**Description of the task**
Exactly as they appear below, repeat the lines from the one with "ARDEBO.de - 7-tlg." through the one with "Pre-owned The Diamond". Drop every picture.

**Records to process**
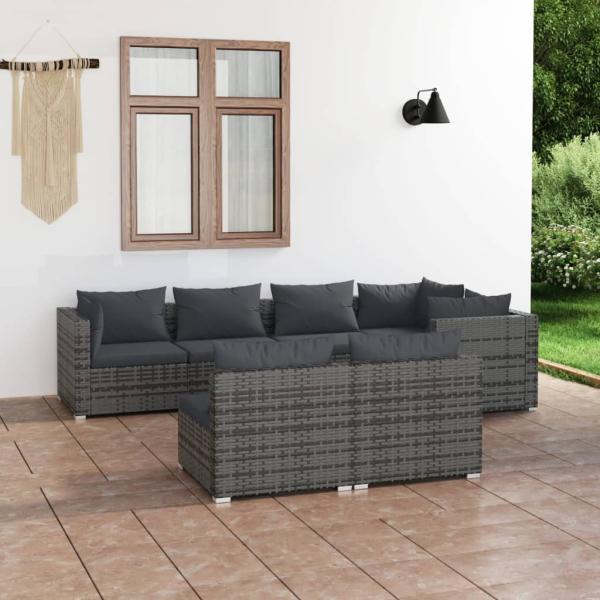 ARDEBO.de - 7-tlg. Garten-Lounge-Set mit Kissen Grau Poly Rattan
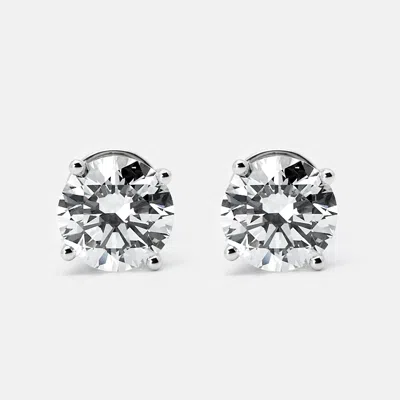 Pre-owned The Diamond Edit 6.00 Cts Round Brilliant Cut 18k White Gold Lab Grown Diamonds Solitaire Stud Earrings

...

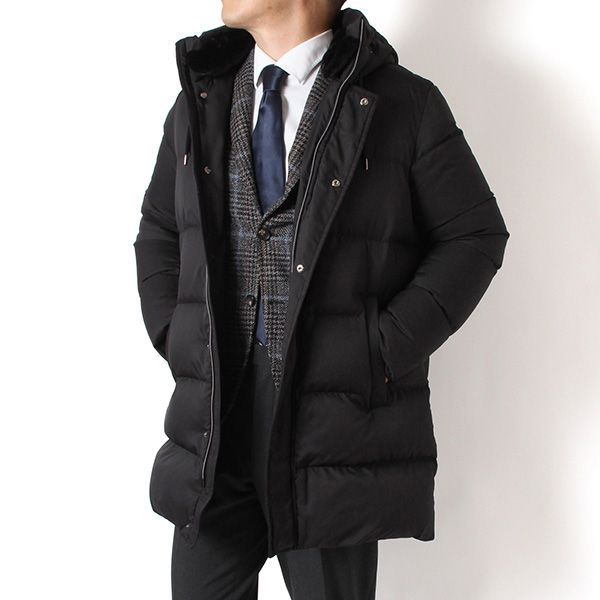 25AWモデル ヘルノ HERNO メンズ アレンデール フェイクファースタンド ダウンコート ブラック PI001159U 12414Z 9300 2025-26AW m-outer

**Task answer**
 ARDEBO.de - 7-tlg. Garten-Lounge-Set mit Kissen Grau Poly Rattan
 Pre-owned The Diamond Edit 6.00 Cts Round Brilliant Cut 18k White Gold Lab Grown Diamonds Solitaire Stud Earrings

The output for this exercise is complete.